> [Data for analysis]:
○ ○ ○

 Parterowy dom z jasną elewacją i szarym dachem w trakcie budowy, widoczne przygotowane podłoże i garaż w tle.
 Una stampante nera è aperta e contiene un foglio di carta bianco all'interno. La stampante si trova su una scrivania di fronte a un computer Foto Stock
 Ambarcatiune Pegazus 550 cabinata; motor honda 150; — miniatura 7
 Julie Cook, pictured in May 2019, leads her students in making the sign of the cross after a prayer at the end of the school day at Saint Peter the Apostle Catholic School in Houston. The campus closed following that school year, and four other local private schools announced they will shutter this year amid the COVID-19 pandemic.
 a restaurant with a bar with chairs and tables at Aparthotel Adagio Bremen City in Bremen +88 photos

○ ○ ○

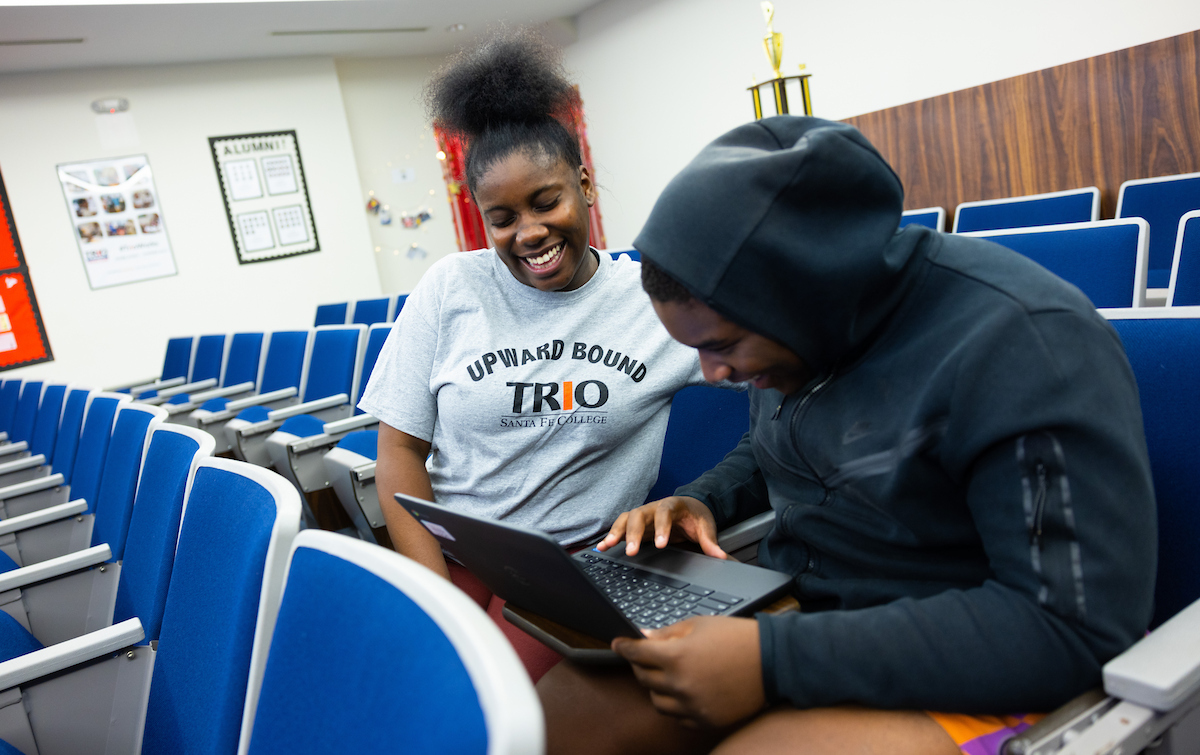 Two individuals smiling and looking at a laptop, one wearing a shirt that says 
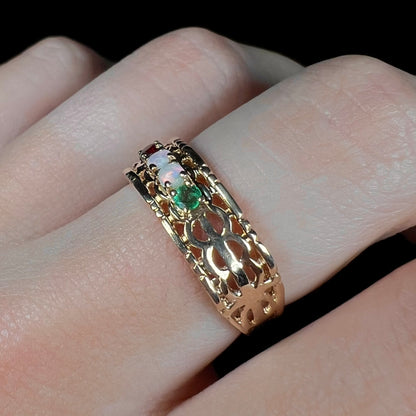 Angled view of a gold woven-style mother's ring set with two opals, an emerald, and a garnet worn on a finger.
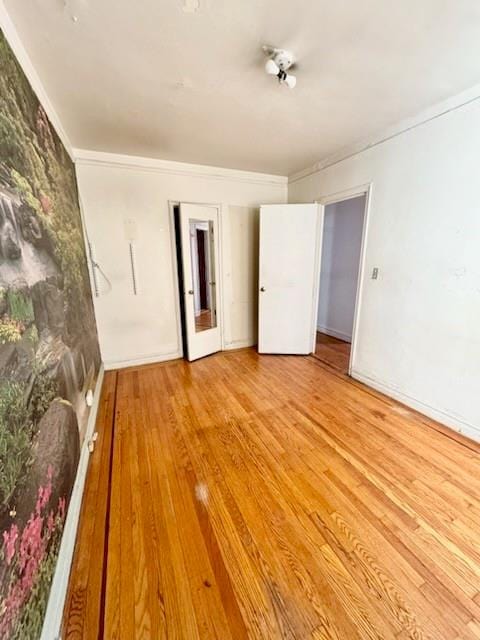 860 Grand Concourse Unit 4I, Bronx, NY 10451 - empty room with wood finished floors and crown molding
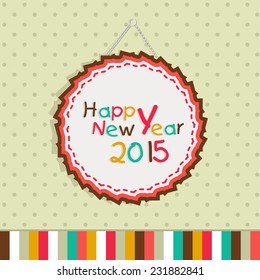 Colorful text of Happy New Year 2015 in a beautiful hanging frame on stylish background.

○ ○ ○

> [Exercise instructions]: From the data above, return every line from the line that has "Parterowy dom z" up to and including the line that has "a restaurant with", exactly.

> [Solution for this task]:
 Parterowy dom z jasną elewacją i szarym dachem w trakcie budowy, widoczne przygotowane podłoże i garaż w tle.
 Una stampante nera è aperta e contiene un foglio di carta bianco all'interno. La stampante si trova su una scrivania di fronte a un computer Foto Stock
 Ambarcatiune Pegazus 550 cabinata; motor honda 150; — miniatura 7
 Julie Cook, pictured in May 2019, leads her students in making the sign of the cross after a prayer at the end of the school day at Saint Peter the Apostle Catholic School in Houston. The campus closed following that school year, and four other local private schools announced they will shutter this year amid the COVID-19 pandemic.
 a restaurant with a bar with chairs and tables at Aparthotel Adagio Bremen City in Bremen +88 photos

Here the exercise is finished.